Chargé d'affaires of Mexico to the United States (ad interim)
- In office 10 September 1828 – February 1830
- President: Pablo Obregón
- Preceded by: José María Tornel
- In office 6 June 1831 – 31 December 1833
- Preceded by: José María Tornel
- Succeeded by: Joaquín María del Castillo y Lanzas

= José María Montoya =

Mexican diplomat

Jose María Montoya was a Mexican diplomat who served twice as ad interim chargé d'affaires of Mexico to the United States of America (1828–1830 and 1831–1833).

During his first stint as chargé d'affaires, Montoya substituted Envoy Pablo Obregón, a former colonel in the Army of the Three Guarantees who committed suicide at the embassy in August 1828.

From February 1830 to June 1831, he was substituted by José María Tornel, who served several times as secretary of War in the cabinet of Antonio López de Santa Anna.
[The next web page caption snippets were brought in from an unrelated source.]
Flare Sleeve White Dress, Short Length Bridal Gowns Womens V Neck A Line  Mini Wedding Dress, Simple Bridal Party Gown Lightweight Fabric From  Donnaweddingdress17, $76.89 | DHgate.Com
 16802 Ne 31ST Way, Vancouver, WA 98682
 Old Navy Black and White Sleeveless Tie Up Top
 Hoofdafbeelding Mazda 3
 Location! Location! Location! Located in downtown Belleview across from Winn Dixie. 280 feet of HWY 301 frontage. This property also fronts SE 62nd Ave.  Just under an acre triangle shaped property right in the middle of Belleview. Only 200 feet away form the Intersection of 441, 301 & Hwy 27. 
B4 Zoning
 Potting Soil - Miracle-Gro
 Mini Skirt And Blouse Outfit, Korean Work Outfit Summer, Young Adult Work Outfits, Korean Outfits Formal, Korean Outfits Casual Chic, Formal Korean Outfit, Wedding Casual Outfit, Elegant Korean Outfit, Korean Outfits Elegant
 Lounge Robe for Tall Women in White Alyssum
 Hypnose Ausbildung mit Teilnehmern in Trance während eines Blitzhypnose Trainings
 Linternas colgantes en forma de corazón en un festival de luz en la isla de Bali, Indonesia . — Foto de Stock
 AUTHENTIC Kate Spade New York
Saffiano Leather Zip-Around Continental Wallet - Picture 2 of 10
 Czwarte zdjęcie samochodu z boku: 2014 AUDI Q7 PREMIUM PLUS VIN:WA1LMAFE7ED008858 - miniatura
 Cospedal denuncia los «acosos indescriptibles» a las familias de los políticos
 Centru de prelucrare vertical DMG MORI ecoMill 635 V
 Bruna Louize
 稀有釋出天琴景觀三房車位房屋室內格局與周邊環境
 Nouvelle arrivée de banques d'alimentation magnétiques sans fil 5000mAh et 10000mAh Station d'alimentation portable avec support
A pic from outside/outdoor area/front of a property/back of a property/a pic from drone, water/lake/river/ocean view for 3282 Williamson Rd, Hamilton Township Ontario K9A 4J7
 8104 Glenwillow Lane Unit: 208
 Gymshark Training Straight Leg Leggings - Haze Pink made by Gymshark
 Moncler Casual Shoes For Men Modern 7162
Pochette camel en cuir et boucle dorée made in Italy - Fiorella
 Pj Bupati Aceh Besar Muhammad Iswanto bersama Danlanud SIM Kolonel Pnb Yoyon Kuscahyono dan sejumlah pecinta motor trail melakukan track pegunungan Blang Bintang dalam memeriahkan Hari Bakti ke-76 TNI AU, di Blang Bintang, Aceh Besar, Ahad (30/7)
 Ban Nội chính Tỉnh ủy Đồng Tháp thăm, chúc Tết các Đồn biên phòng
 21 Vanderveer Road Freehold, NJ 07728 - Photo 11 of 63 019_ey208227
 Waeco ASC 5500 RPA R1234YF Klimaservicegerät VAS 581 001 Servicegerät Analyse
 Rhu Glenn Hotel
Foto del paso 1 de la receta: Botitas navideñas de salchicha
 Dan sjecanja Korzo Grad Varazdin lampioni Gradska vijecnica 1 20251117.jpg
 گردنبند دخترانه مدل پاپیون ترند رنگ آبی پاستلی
When Tornel returned to Mexico, Montoya was reappointed as chargé and held the post until 31 December 1833, when he was substituted by Joaquín María del Castillo y Lanzas.

Montoya kept working at the embassy as trade commissioner (in encargado de negocios), and was substituted in that post by the ephemeral Mexican emperor, Agustín de Iturbide.